第3話:スキル、リジェネレート。

 僕の両手を握って、騎乗位で腰をくねらせながら、ミミさんはふと悔しそうにこう言った。


「なんだ、もうおしまいかー。まだ全然やり足りないのに」

「?」


 どういうことだろう? というかいま、なんて言った?


 僕は不思議に思って、

「どうしたの、ミミさん?」と訊ねる。

 するとミミさんは両手で僕の顔を包み込んだ。


「ごめんね、ゼジさん」


 え、と。急に謝られたので僕が混乱していると、ドアの外がにわかにうるさくなった。ドスドスという複数人の足音がする。やがてドアを蹴り開けて入ってきた集団は、僕が飲み屋にいるときに目にした、筋骨隆々の男たちだった。

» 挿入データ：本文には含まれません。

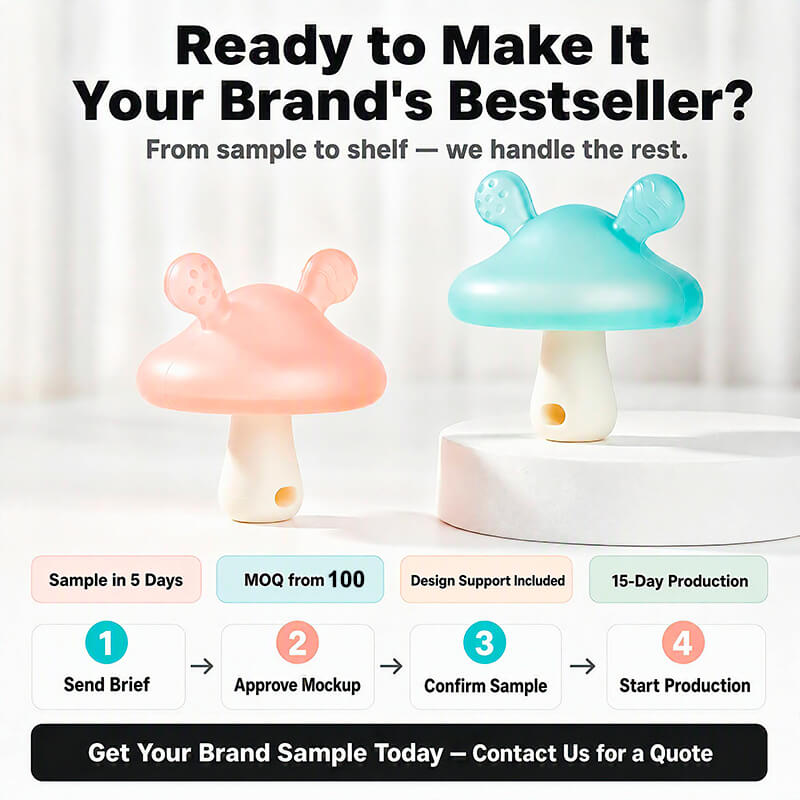 KEAN custom silicone teether manufacturing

 俗に言う『美人局つつもたせ』なんだと、気づくのに時間はかからなかった。


 僕は急いで逃げようと思った。でもできなかった。全身をミミさんに掴まれていたから。ニヤついた男が部屋にどんどん入ってくる。その数、四、五――六人。彼らはそれぞれ、大振りの剣を腰に差していた。


「あーあ、ちっちゃくなっちゃった」

 残念そうに言って、ミミさんは腰を浮かせた。萎えた僕の陰茎が、ぽろんとミミさんの膣口から漏れ落ちる。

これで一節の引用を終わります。